All the production process at Nivarius is designed both for and by white wines. To reach the quality we are looking for, we study the soils and vinify each little plot of land individually until we reach the excellence. In a normal year, we can have up to 20 different vinifications according to the variety, the harvest or the area where the grapes come from.
That’s exactly how we obtained what we wished for our wines, which is the maximum expression of the terroir.
We produce our wines (except the Nivarius N) in Norman oak barrels of 3,500 litres with a very slightly scent of toast. That’s how the varietal and mineral character of our native varieties produces singular and respectful wines, complex and expressive, and with a great longevity thanks to the extraordinary rates of acidity we use.
AGEING IN OAK
Oak is part of the viticulture for more than 2000 years. At the beginning, it was only used to transport the beverage, replacing other containers which were more fragile and heavy, like the amphoras. Why oak? Oak was the type of wood that proved to be the most suitable for contain and age the wine. There are two subspecies of oak of real importance for the viticulture: French oak and American oak.
The ageing of wine on a typical oak barrel of 225 litres implies two phenomena.

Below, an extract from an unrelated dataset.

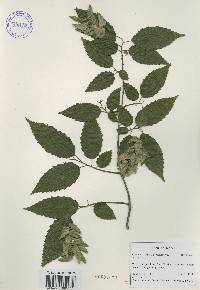 Carpinus tschonoskii image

The first one is the oxygen filtration through the micropores of the wood with the reactions that triggers that micro oxygenation. With this system, the wine is softened, turns velvety and it is not as piercing on palate because its components start a slow process of oxidation, evolution and polymerization.
The other phenomenon is the incorporation to the wine of a wide range of aromatic compounds, typical of the wood. These are the tannins of the wood. Here is where we’ll see the difference between the French oak and the American oak. The first one brings notes of chocolate, tobacco and cocoa; the second one brings notes of custard, vanilla and coco (generally speaking). Both processes give the wine more complexity, refinement, tastes and aromas. They need to have the necessary structure, alcohol, acidity and balance. Another model for ageing wines is the oak cask. It is a container with a capacity from 2,000 to 30,000 litres or more. In our case, we usually use casks of 3,500 litres, produced by the best French barrel-makings. With these tanks, the interaction between wood and wine requires more time, since the relation between surface and volume is lower. In general, we obtain wines more respectful with the most.
AGEING IN CONCRETE
The peak on the use of concrete in wine cellars was from 1940 to 1960. During these years, big concrete tanks were built with a bung hole in the lower side. The inside was plastered with cement and was finished with tartaric acid. This covering makes the concrete unassailable from the components of the wine.
In our case, the incorporation of concrete has been through ovoid containers.
The concrete allows the micro oxygenation through the pores. The physical principle that justifies the oval form is that the wine is subjected to an intern movement due to the differences in temperature that provoke fluids flows (some kind of natural battonage). The tannins become rounded in a natural process due to the oxygen supply. This ageing on concrete cancels the contribution of tannins and aromas from the barrel. The result is a pure wine (more varietal character) and a palate more glyceric.
These are the main characteristics of these casks:
1) Natural insolation. The heat conductivity of the concrete is ten times lower than the one of the stainless steel to reach the same thickness, but obviously the thickness used for the concrete is larger than the one used with the stainless steel, it is then when the difference is further aggravated.
The concrete tank is 350 times more insulating than the stainless steel tank, and this is, without a doubt an advantage in any of the productive processes of the wine.
The concrete obtains an stabilizing effect in the wine’s temperature, avoiding peaks that are harmful to the yeast. Inside of a concrete tank everything is more gradual, softer, without sudden changes, which is appreciated during the fermentation, but also in the storage or in the aging.
2) Microporosity. The concrete is a porous material due to its elaboration process and the materials with which it is composed. The concrete used in our tanks guarantees the air tightness, at the same time that provides them with microporosity, allowing a certain permeability to the flowing of oxygen.
The process called microoxygenation is the one making the wines evolve in a different way and to endure the time, obtaining results similar to the ones get with oak barrels, but keeping a purest flavour.
3) Neutral material. When we use an oak barrel to age a wine, not only do we obtain a microoxygenation of that wine, but also the wood relinquishes its tannins and its aromatic values during all the aging process unable to stable it.
The concrete of the tanks does not contain tannins, and the scent that it may get to transfer to the wine is soft and mineral, therefore we can achieve a natural microoxygenation inside of a tank made of a very neutral material.